COCO / BBOB (the neutral benchmarking platform)
The independent, academic-standard yardstick the wiki’s open question kept asking for — “want a head-to-head re-run … on BBOB against neutral ground” to settle cma-es‘s low Dik placement and (μ+λ)-ES‘s lead. COCO (“COmparing Continuous Optimisers”) is the standard platform behind the BBOB (Black-Box Optimization Benchmarking) workshops, the community counterweight to any single author’s suite like Dik’s MQL5 benchmark. URL-only ingest; source = the numbbo/COCO project.
What it is
- A reusable benchmarking framework (numbbo GitHub) that runs an optimizer over fixed test suites and post-processes the runs into comparable plots/tables/PDFs — automating the experiment→figure pipeline so results are reproducible and cross-comparable.

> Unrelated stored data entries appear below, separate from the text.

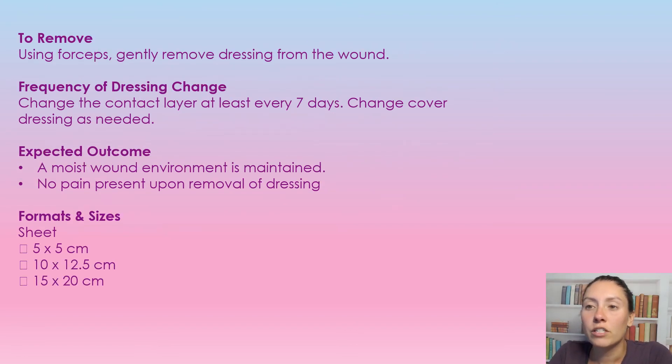To remove this dressing, use your forceps and gently remove it from the wound. The dressing can stay in place for seven days — the exudate will go through to the cover dressing, so you can change that cover dressing as needed and leave the contact layer in place. It is perfectly fine to leave the contact layer in place for the full seven days and just change the cover dressing.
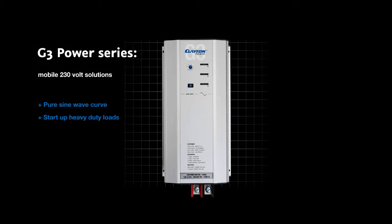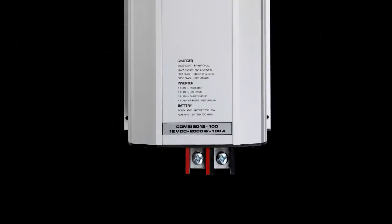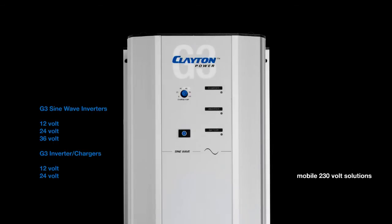The inverter series consists of a 12, 24 and 36 volt version ranging from 1 kilowatt to 2.3 kilowatts. The combined inverter charger, called the Combi, consists of a 12 volt and a 24 volt version ranging from 1 kilowatt to 2.3 kilowatts.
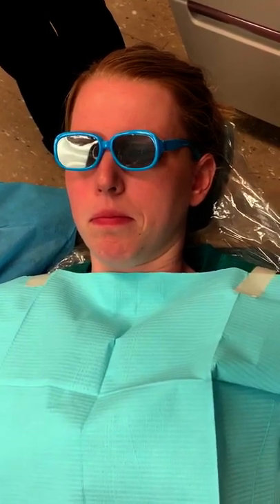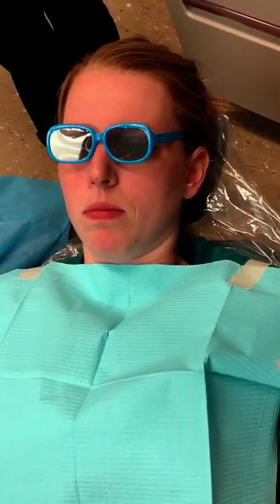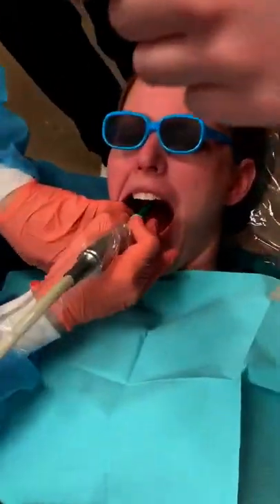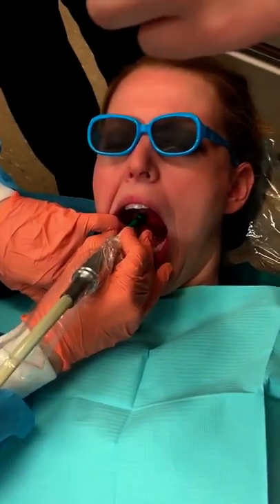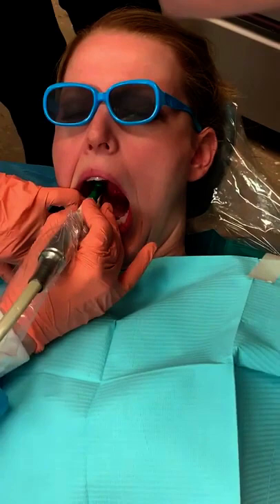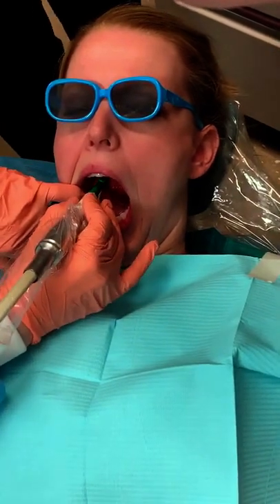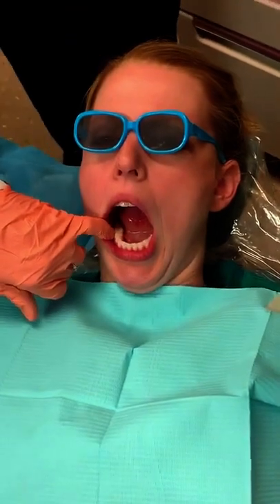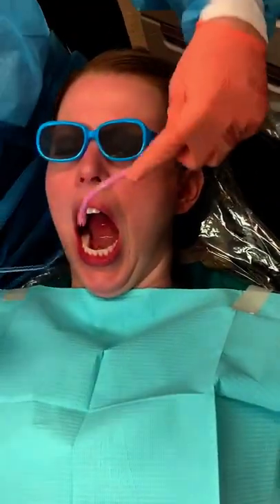First I'm going to pumice the tooth. And then if you're doing multiple sealants on a person, you can pumice all of the teeth at the same time, because they're not going to be doing anything to get anything in their teeth.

- Core C with bindings for C/C++, Python, Java, Matlab/Octave, so an algorithm in any of these can be measured on the same problems the same way.
- Runs the BBOB workshops at GECCO since 2009 — i.e. a decade-plus of accumulated, peer-shared results, not a one-off scoring.
The methodological upgrade over Dik’s suite
This directly addresses the wiki’s benchmark-neutrality thread:
- Standard suites, not one author’s pick:
bbob(single-objective) +bbob-largescale,bbob-biobj(multi-objective), and mixed-integer suites (bbob-mixint,bbob-biobj-mixint) — including discrete/combinatorial-flavored regimes the continuous-only MQL5 suite doesn’t test (a gap the synthesis flagged for tabu-search etc.). - Fixed-target methodology: COCO’s headline measure is runtime to reach target precisions (expected running time / ERT), averaged over many instances — an anytime, budget-aware lens, unlike a single ”% of max” score. This is a more faithful test of the structure⇄generality / evaluation- budget axes the synthesis uses.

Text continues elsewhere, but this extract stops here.